• [INFORMATION PROVIDED]
◇ ◇ ◇ ◇

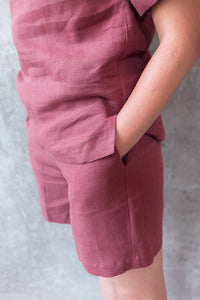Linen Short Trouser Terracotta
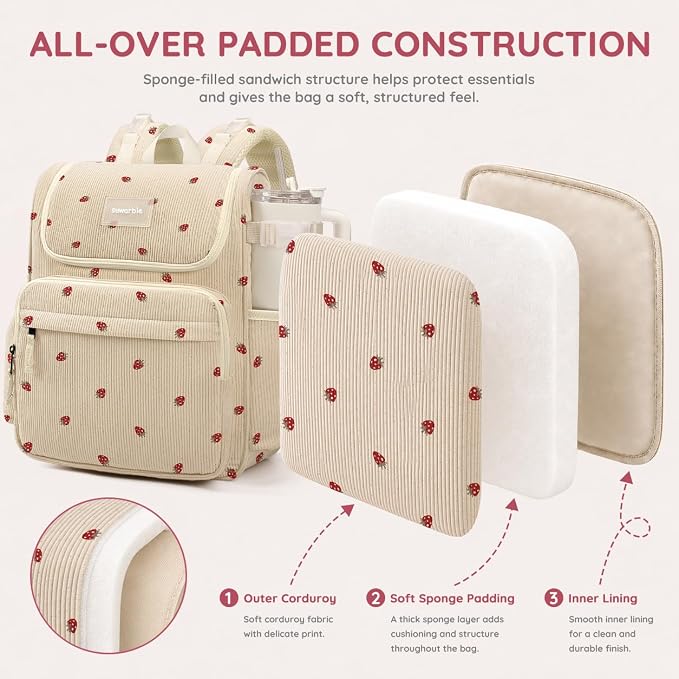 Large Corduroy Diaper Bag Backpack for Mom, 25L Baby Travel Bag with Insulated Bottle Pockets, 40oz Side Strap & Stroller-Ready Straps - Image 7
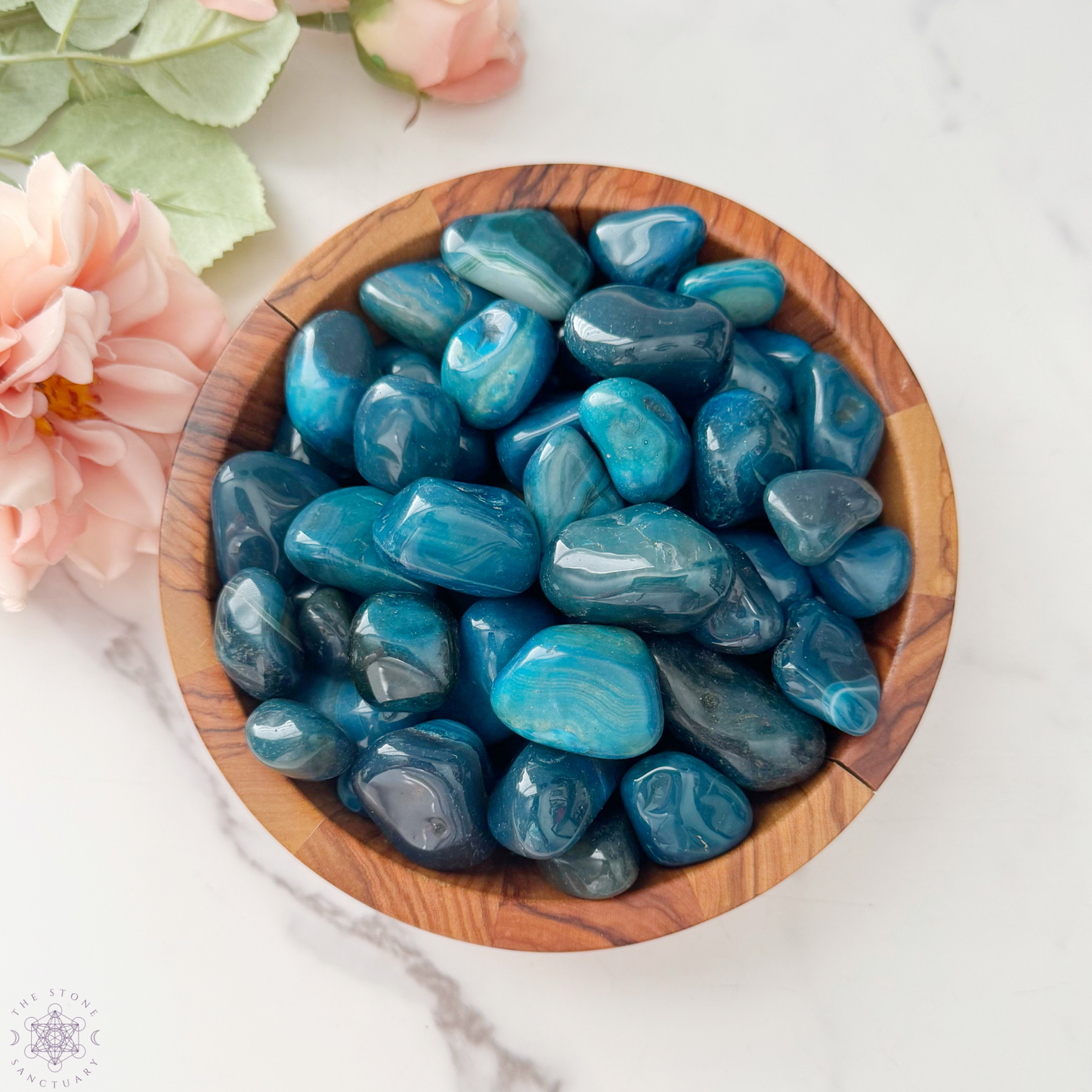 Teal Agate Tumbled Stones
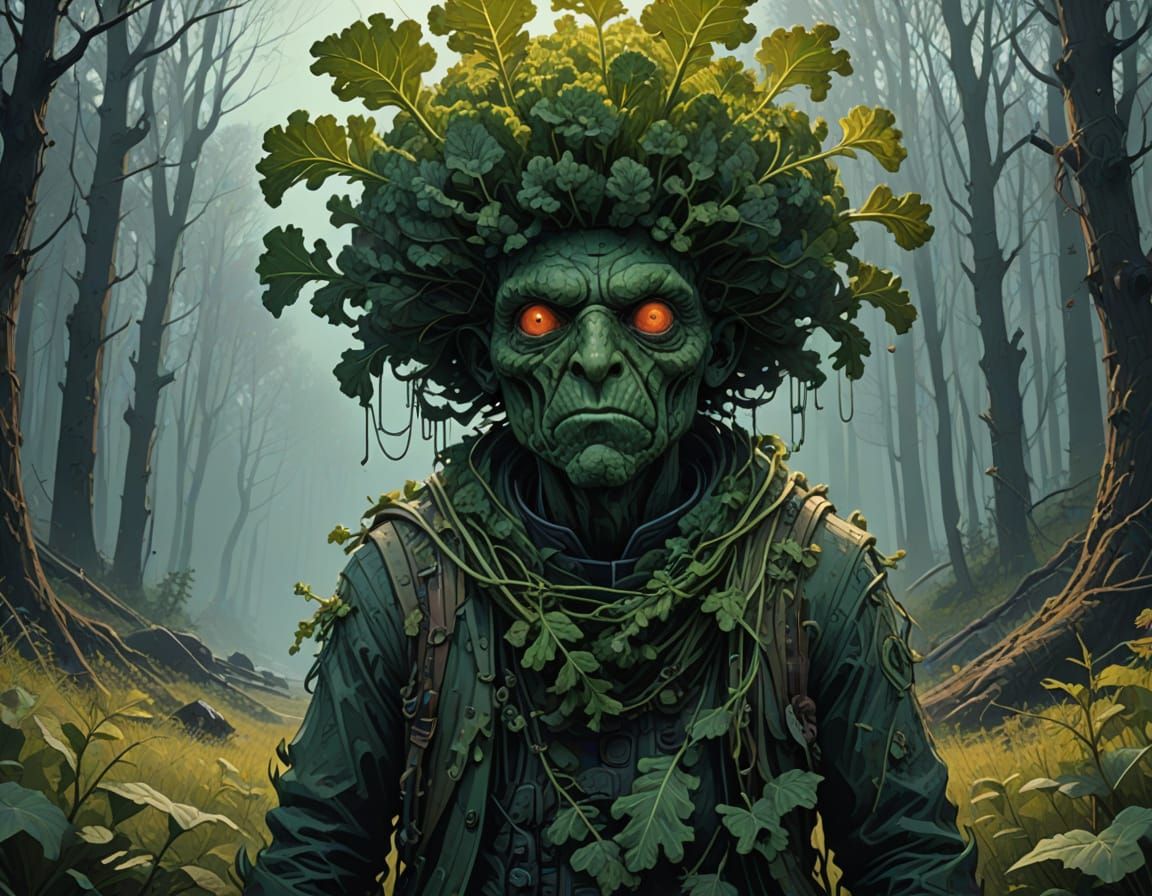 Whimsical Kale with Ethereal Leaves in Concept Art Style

◇ ◇ ◇ ◇

Repeat verbatim the lines from the one with "Teal Agate Tumbled Stones" through the end of the listing above. Include both ends, add nothing, and exclude the pictures.

 Teal Agate Tumbled Stones
 Whimsical Kale with Ethereal Leaves in Concept Art Style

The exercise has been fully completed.